Статья первая: "Отечественные записки", 1843, т. XXVI, N 2, отд. V, стр. 27-46 (ценз. разр. около 31 января 1843). Без подписи.

Статья вторая: "Отечественные записки" 1343, т. XXVII, N 3, отд. V, стр. 1-30 (ценз. разр. 28 февраля 1843). Без подписи.

  
   Статьи о Державине, приуроченные к столетнему юбилею со дня рождения поэта, должны были составить часть давно задуманного и неоднократно обещанного Белинским в печати "Критического курса русской поэзии". Вместе с циклом статей "Сочинения Александра Пушкина (1843-1846)" и статьей "Кантемир" они заложили основу научной истории русской литературы.
   Много внимания в первой статье Белинский посвящает обоснованию исторического воззрения на искусство вообще и поэзию в частности. Замечательное разъяснение "непреложного закона" диалектического развития, утверждение связи искусства с другими областями сознания (религия, философия), влияние на искусство природы и политических обстоятельств, отрицание отвлеченных умозрений эстетической критики и критики узко эмпирической - все это свидетельствует об успехах эстетической мысли Белинского. И хотя он не мог понять всей сложности процесса развития искусства (по его утверждению, "постепенность и последовательность" - законы всякого развития), тем не менее принцип исторического объяснения искусства привел его к глубокому пониманию поэзии Державина.
   Плодотворность этого принципа наглядно обнаруживается при сопоставлении настоящих статей с ранней оценкой Державина в "Литературных мечтаниях". И тогда уже Белинский иронизировал над теми общими, неопределенно восторженными похвалами Державину, примеры которых он не раз приводит и в настоящих статьях. Но в "Литературных мечтаниях" Белинский противопоставил им тоже довольно отвлеченные рассуждения о гениальности Державина и о народности его поэзии. Новым этапом в развитии взглядов Белинского на великого поэта XVIII века явились его статьи об "Очерках русской литературы" Н. Полевого (Полн. собр. соч., т. V, стр. 98-120) и обзор "Русская литература в 1841 году" (см. наст. том). В более усложненном и аргументированном виде эти же воззрения представлены и в настоящих двух статьях.
   Сущность этих воззрений состоит в объяснении поэзии Державина как отражения исторической эпохи - "века Екатерины" - и в установлении ее места и значения в истории развития русской поэзии.

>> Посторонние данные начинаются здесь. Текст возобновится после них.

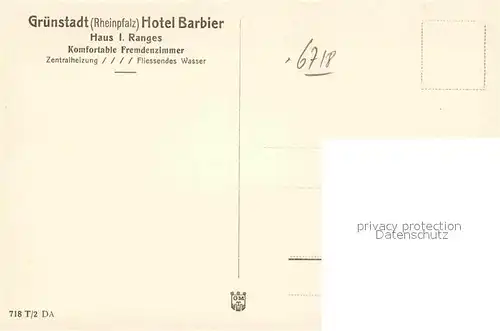 AK / Ansichtskarte Gruenstadt Hotel Barbier  Kat. Gruenstadt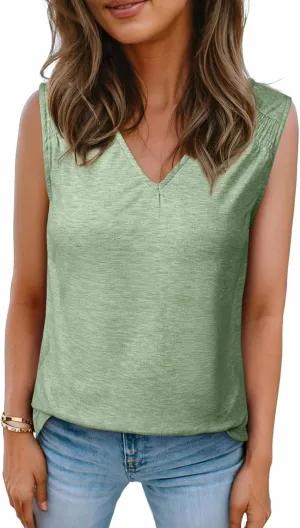 BLENCOT Casual Summer Tank Tops for Women Blouses Sleeveless Ruffled V Neck Loose Tshirts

   В построении этих статей Белинский еще исходит из неверного расчленения процесса критики на два независимые этапа: критику эстетическую и критику историческую. Тем не менее в конкретном рассмотрении поэзии Державина Белинский преодолевает эту двойственность и дает блестящий анализ его творчества во всех его противоречиях, сильных и слабых сторонах. При этом надо отметить, что Белинский больше всего дорожил второй статьей, которая, как он и опасался, сильно пострадала от вмешательства цензуры (см. письмо к В. П. Боткину от 31 марта 1843 года, "Письма", т. II, стр. 357). Рукопись статьи Белинского о Державине до нас не дошла, и мы лишены возможности восстановить ее в первоначальном виде.
   232 (Стр. 487). Намек на мнение К. Аксакова о "Мертвых душах". См. в наст. томе статью "Несколько слов о поэме Гоголя" и "Объяснение на объяснение по поводу поэмы Гоголя".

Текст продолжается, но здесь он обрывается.